As of August 2025, there are six types of future backends that are known(*) to provide near-live progress updates:
sequential
,multicore
,multisession
, andcluster
(local and remote)future.callr::callr
future.mirai::mirai_multisession
Here "near-live" means that the progress handlers will report on
progress almost immediately when the progress is signaled on the
worker. This is because these parallel backends handle the special
condition class immediateCondition
- they detect when such
conditions are signaled and relay them to the parent R process as soon
as possible. For all other future backends, the progress updates are
only relayed back to the main machine and reported together with the
results of the futures. For instance, if future_lapply(X, FUN)

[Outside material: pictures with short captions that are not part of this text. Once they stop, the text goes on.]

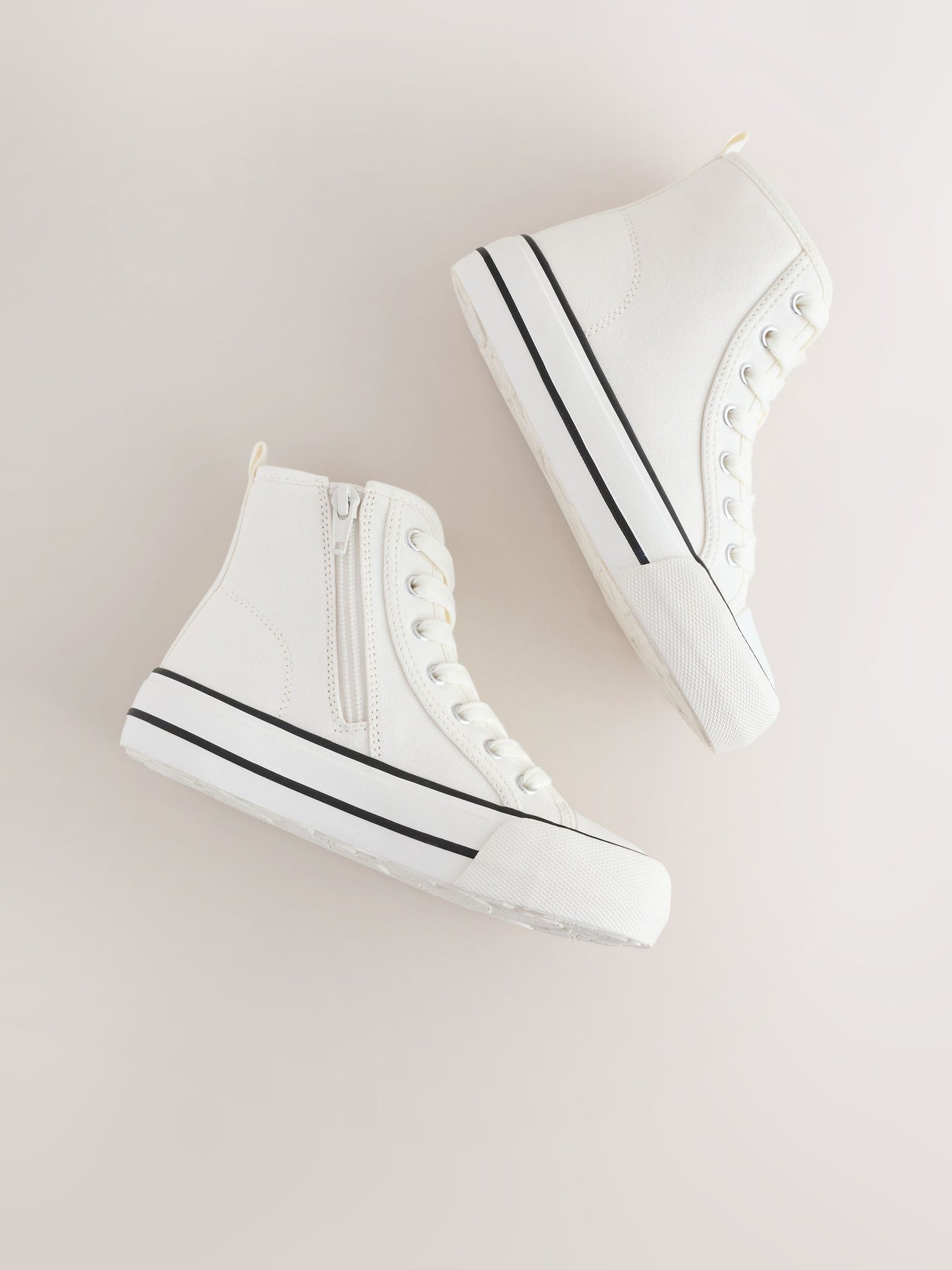 White Canvas Wide Fit (G) Lace Up High Top Trainers image 3
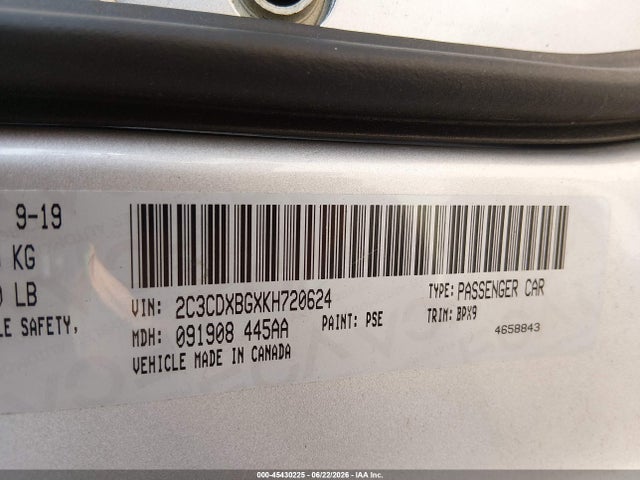 Продажа на аукционе авто 2019 Dodge Charger Sxt Rwd, vin: 2C3CDXBGXKH720624, номер лота: 45430225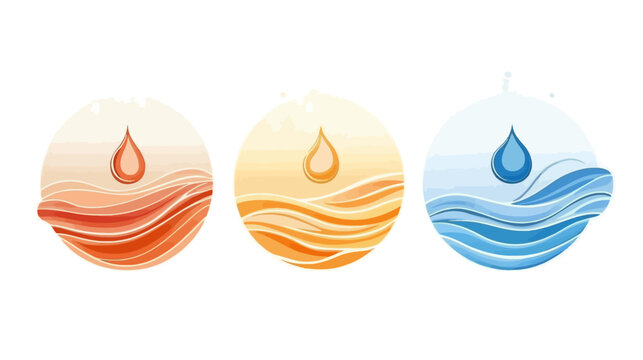 Three circular illustrations of water drops falling into wavy landscapes in warm color palettes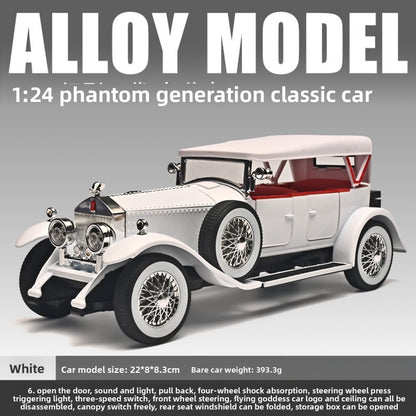 Simulação 1:24 Phantom Vintage Car Liga Modelo de Carro Coleção Enfeites Luz de Som Puxar para Trás Menino Presente Miniatura de Luz de Som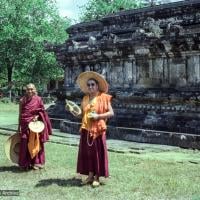 (22386_ng.tif) Lama Yeshe and Lama Zopa Rinpoche at Borobodur, Java, 1979.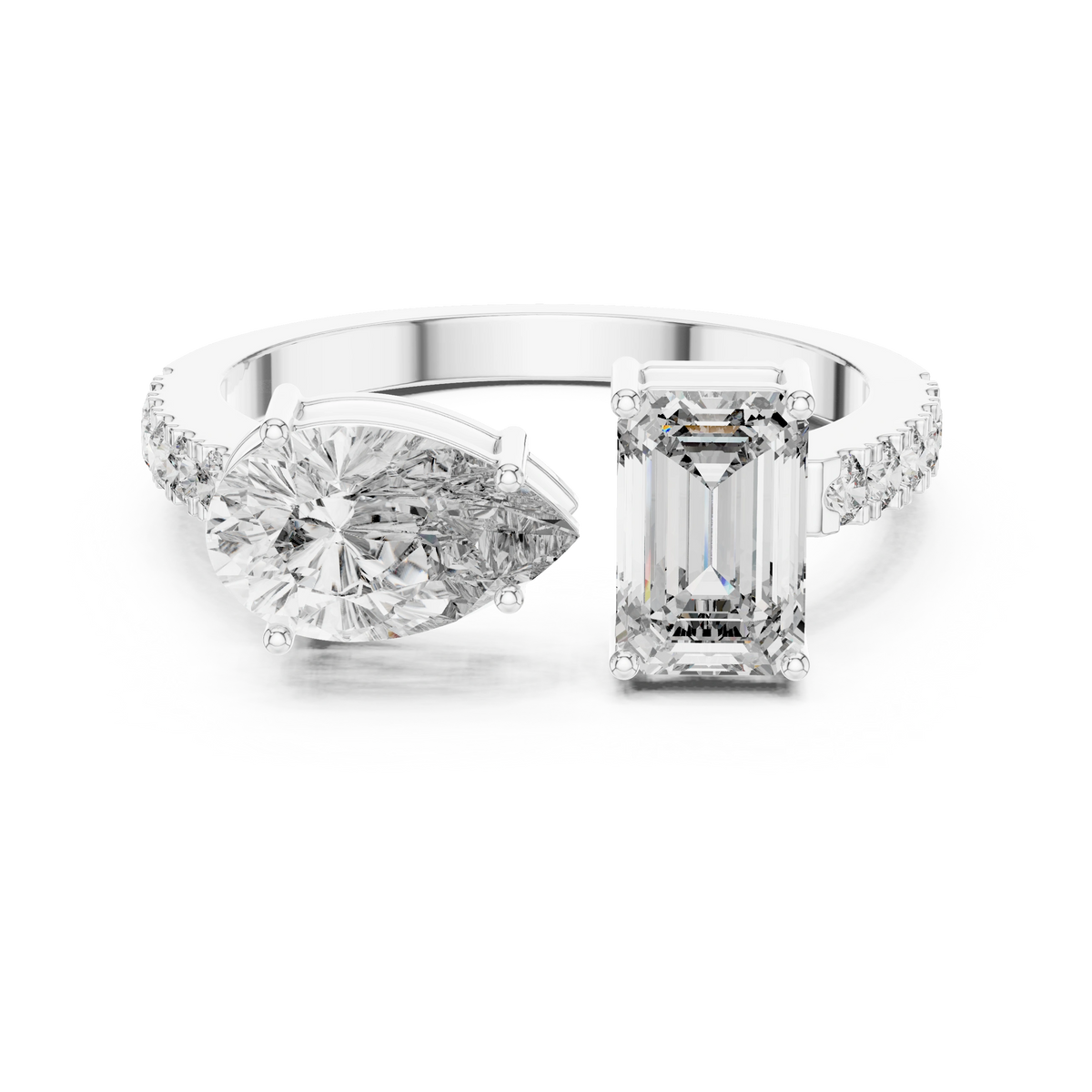 Gold 1Ct Pear Emerald Toi Et Moi Lab Grown Diamond Fabio Ring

chunks up the processing of, say, 100 elements in X
into eight
futures, we will see progress from each of the 100 elements as they
are done when using a future backend supporting "near-live" updates,
whereas we will only see those updated to be flushed eight times when
using any other types of future backends.
(*) Other future backends may gain support for "near-live" progress updating later. Adding support for those is independent of the progressr package. Feature requests for adding that support should go to those future-backend packages.